# Exercise instructions:
Look through the data below for the line with "Bracelet side view" and the line with "UK Royal Navy Intercepts Russian Warship", then transcribe exactly from the first through the second, leaving out all pictures.

# Exercise input:
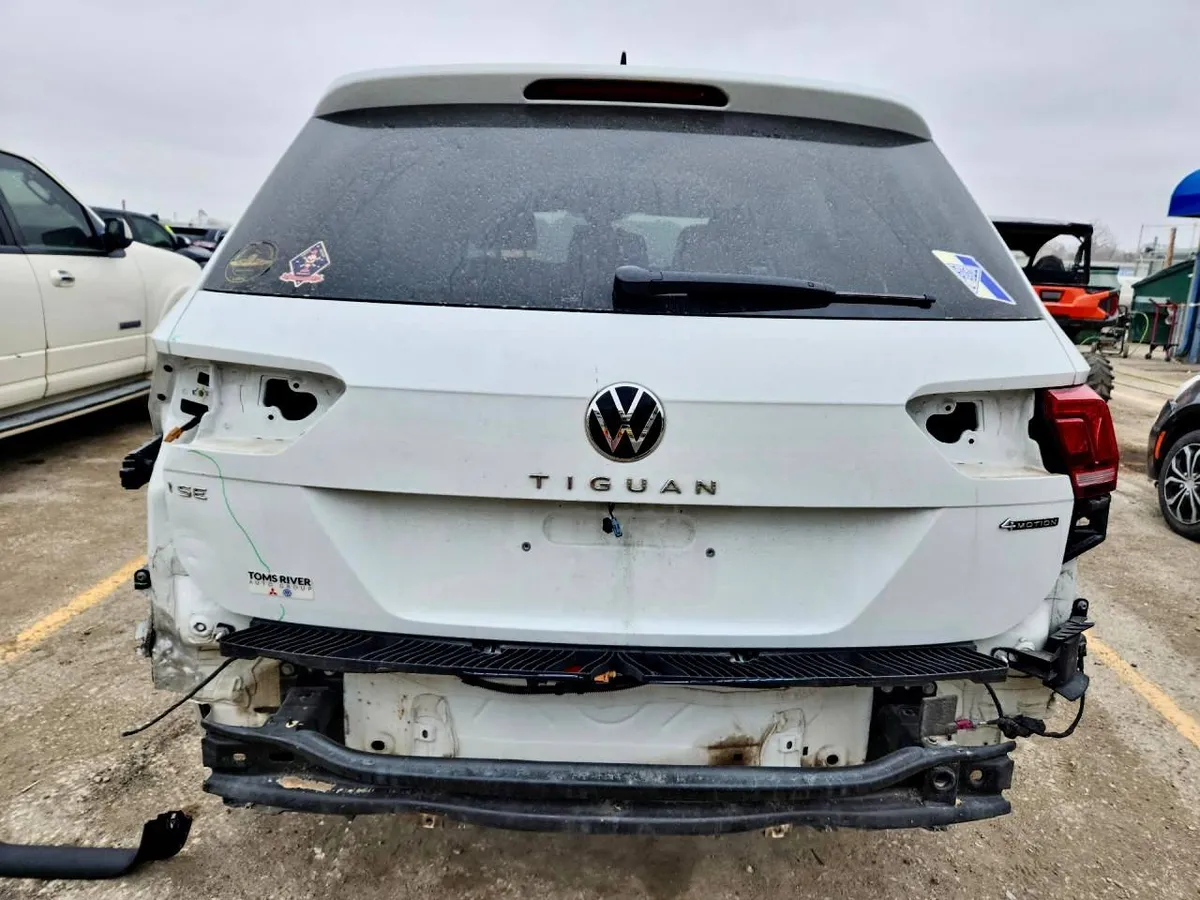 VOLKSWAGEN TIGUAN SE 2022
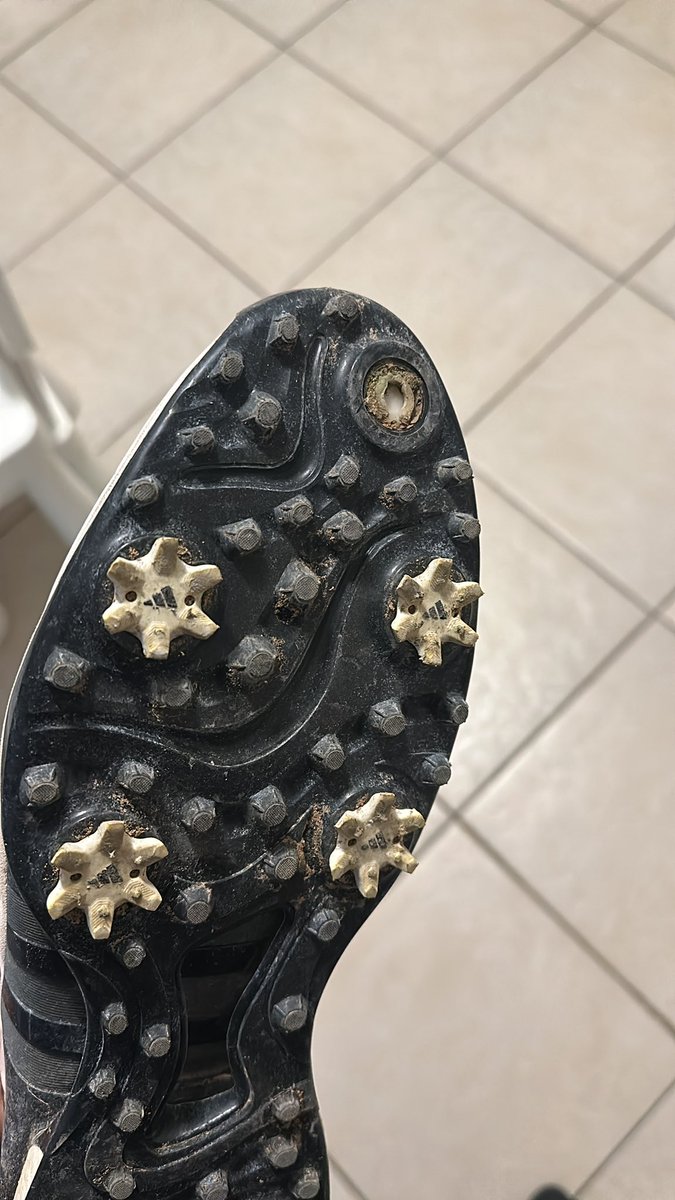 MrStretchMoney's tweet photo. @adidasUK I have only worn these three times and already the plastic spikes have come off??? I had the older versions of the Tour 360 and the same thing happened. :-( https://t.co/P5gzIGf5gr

---

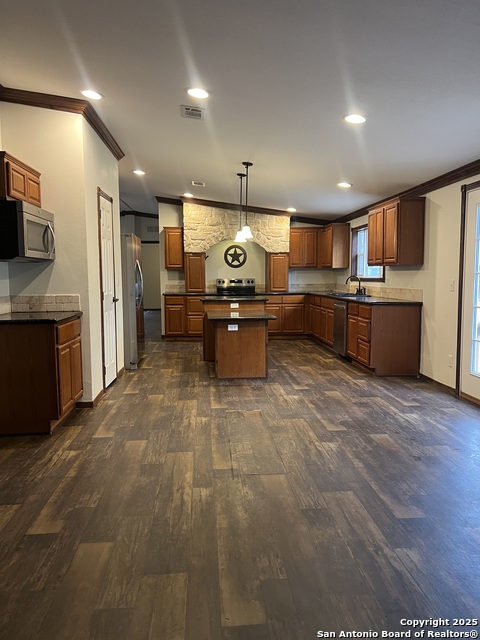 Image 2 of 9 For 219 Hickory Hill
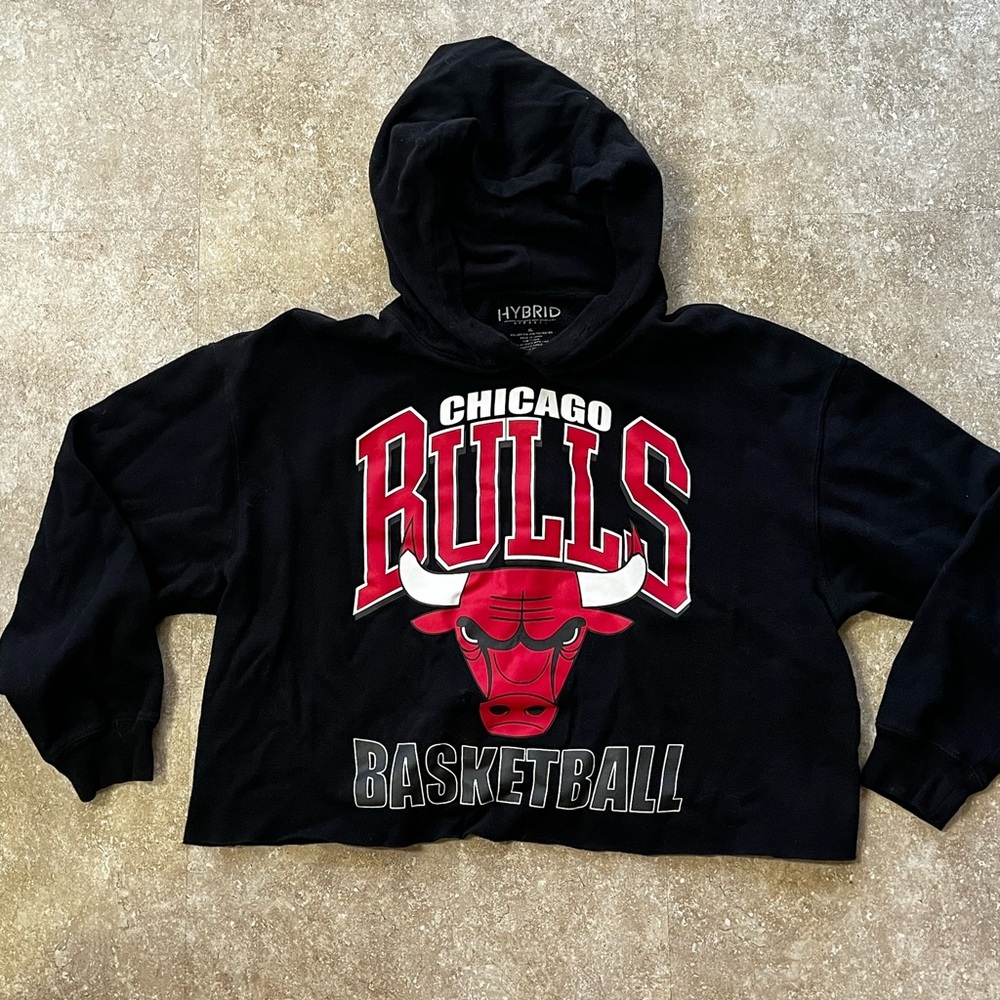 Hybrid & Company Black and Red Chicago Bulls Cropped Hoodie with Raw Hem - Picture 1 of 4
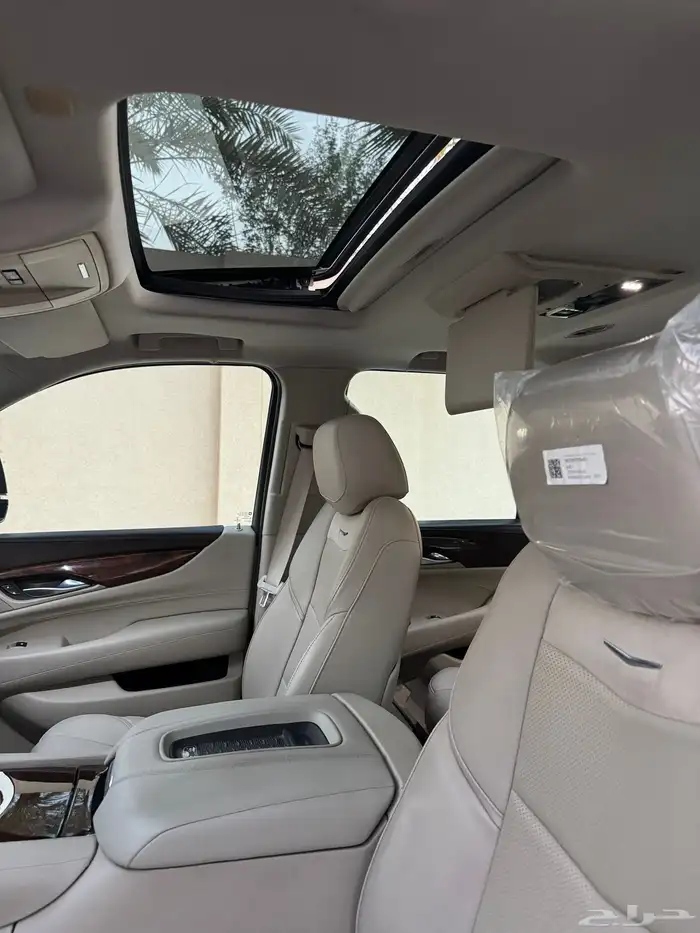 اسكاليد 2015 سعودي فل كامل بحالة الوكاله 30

==

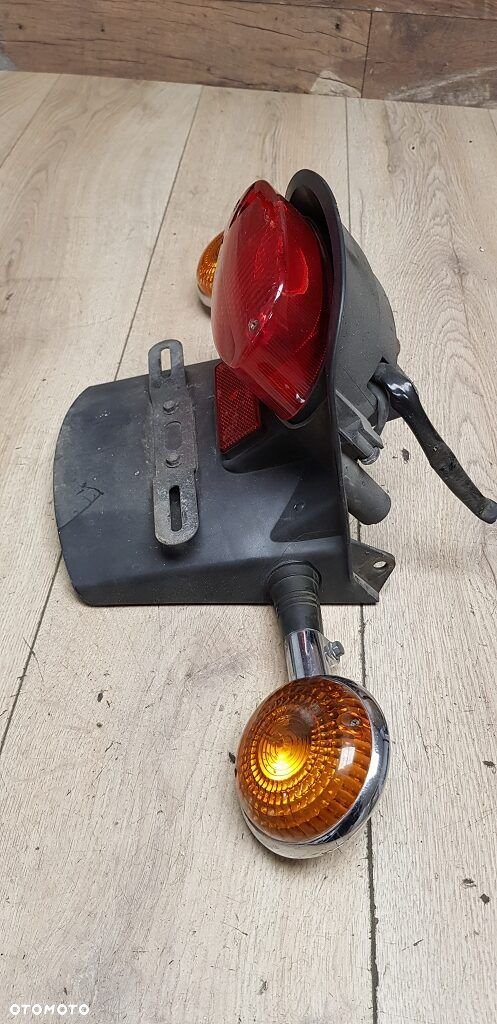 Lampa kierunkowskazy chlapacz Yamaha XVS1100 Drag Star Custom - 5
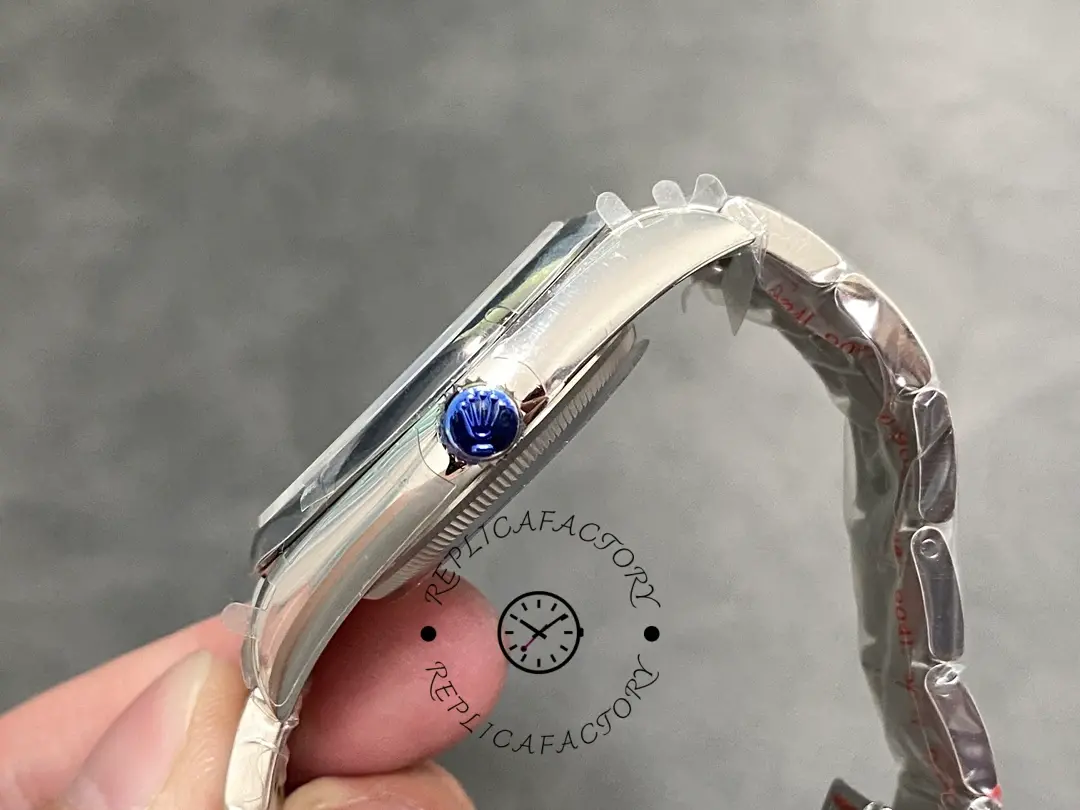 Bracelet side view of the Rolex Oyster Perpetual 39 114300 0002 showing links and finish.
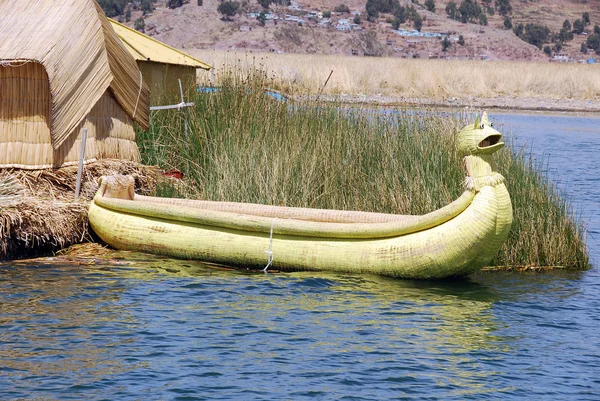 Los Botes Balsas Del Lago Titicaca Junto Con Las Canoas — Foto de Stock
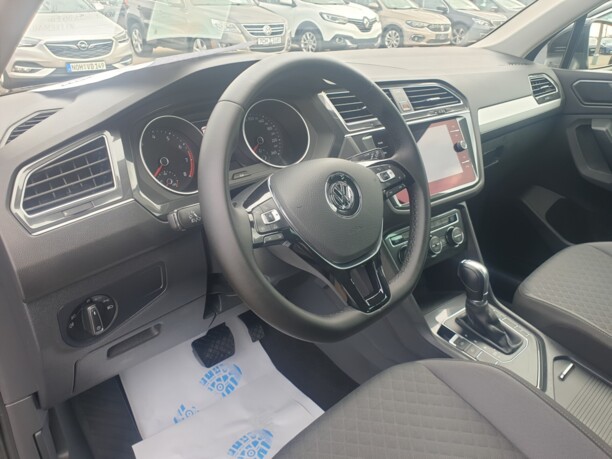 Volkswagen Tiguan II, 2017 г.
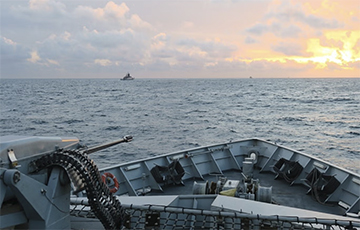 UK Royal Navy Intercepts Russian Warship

# Exercise solution:
 Bracelet side view of the Rolex Oyster Perpetual 39 114300 0002 showing links and finish.
 Los Botes Balsas Del Lago Titicaca Junto Con Las Canoas — Foto de Stock
 Volkswagen Tiguan II, 2017 г.
 UK Royal Navy Intercepts Russian Warship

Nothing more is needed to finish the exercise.